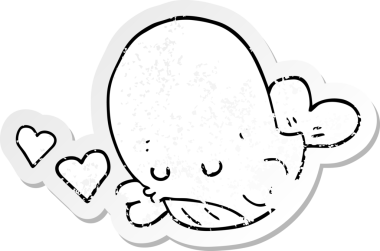 Bir insan tarafından çizilmiş aşık bir balinanın sıkıntılı çıkartması.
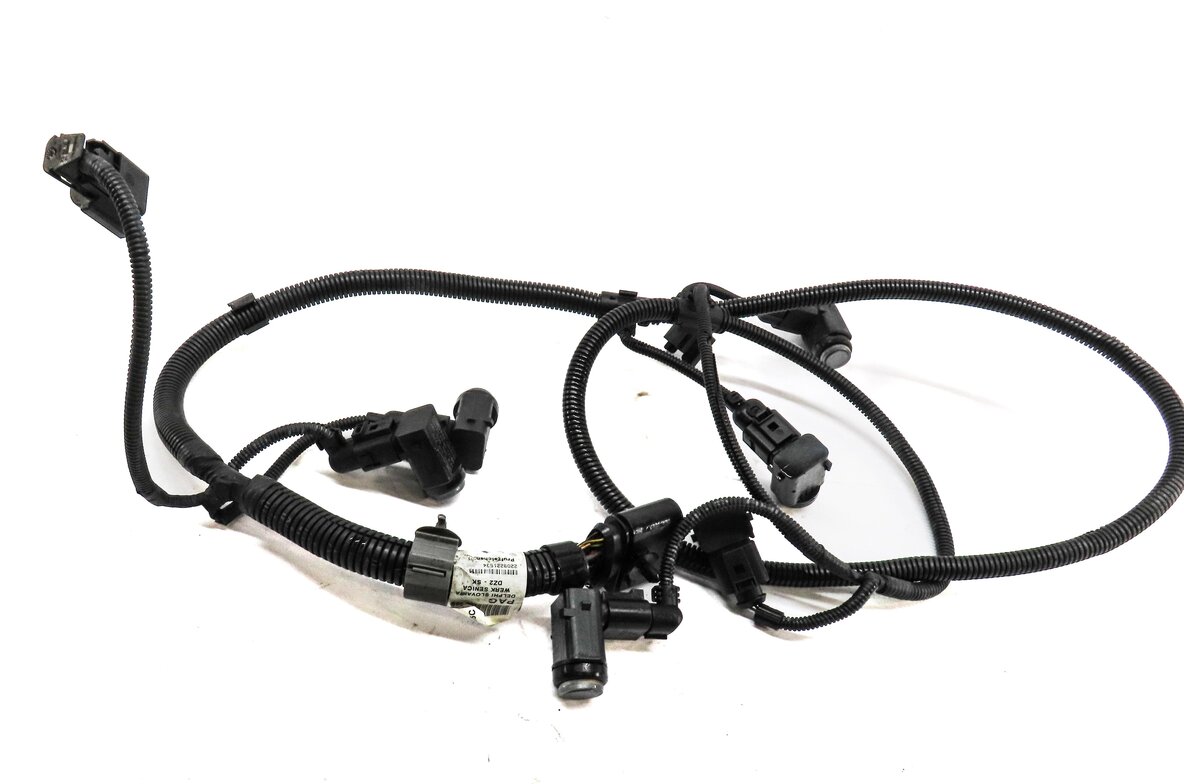 Thumbnail 2: 2006 PORSCHE CAYENNE 955 FRONT PARK ASSIST PDC SENSOR SET5 SILVER & WIRE HARNESS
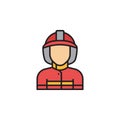 Fireman avatar filled color icon. linear style sign for mobile concept and web design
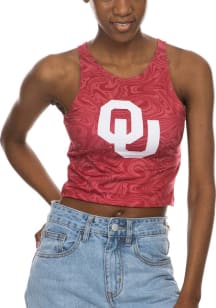 Oklahoma Sooners Womens Crimson Swirl First Down Tank Top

> WHAT TO DO
Please repeat the lines that run from the one holding "Fireman avatar filled" to the last line of the material, both included, exactly and without pictures.

> ANSWER TO THIS PROBLEM
 Fireman avatar filled color icon. linear style sign for mobile concept and web design
 Oklahoma Sooners Womens Crimson Swirl First Down Tank Top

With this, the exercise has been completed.